【劇団員がいるから言える!?】育てたい役者像ってあるの?(セリフ編)

どうも。いつもは『ネコヒマ』とかこちらのサイトでは小説を書かせてもらっている吉岡です。

普段は何やってるの?とはよく聞かれますが、PCで仕事をしたり、小説書いたり、脚本書いたりなどなどです。

役職とか所属とかで言うと、

①劇団皇帝ケチャップという劇団の主宰で、脚本、演出を主にやっています。
②日本コメディ協会では理事という立場で活動中ですが、まあ、他の方々はキャリアもある方ばかりなので肩書だけ偉そうに見えますが、そうでもありません。
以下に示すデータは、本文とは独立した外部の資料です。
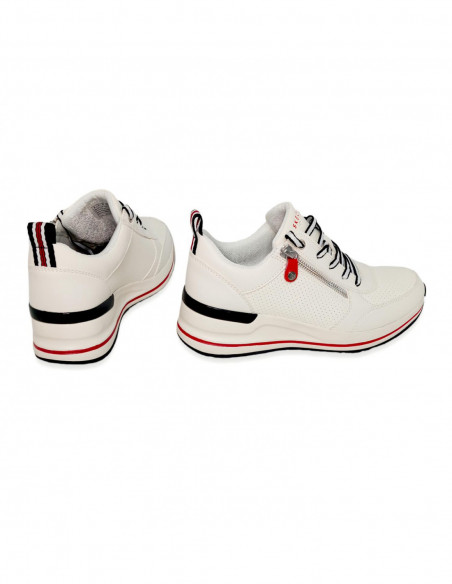 Skechers deportivo 177335/WHT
今は公演を企画したり、運営したりというポジションにおります。

好き嫌いは基本的にはないのですが、たまねぎとパセリを食べると体調を悪くします。……ってそういう話ではありませんでしたね。役者のお話でした。

今回書かせてもらおうと思ったのは特に何がきっかけというのもないんですが、私は劇団に所属していて、でも出演できる役者は2名しかいないため、基本的には外部の役者にオファーしたりオーディションで採用して公演を打っています。

なので外も内も見ていて思うのは役者の成長に関すること。劇団員を育てる義務みたいなものを感じていた日々もあったのですが、今は劇団公演がない時期は、武者修行で外部出演をして自身の成長を加速してもらえればと思っています。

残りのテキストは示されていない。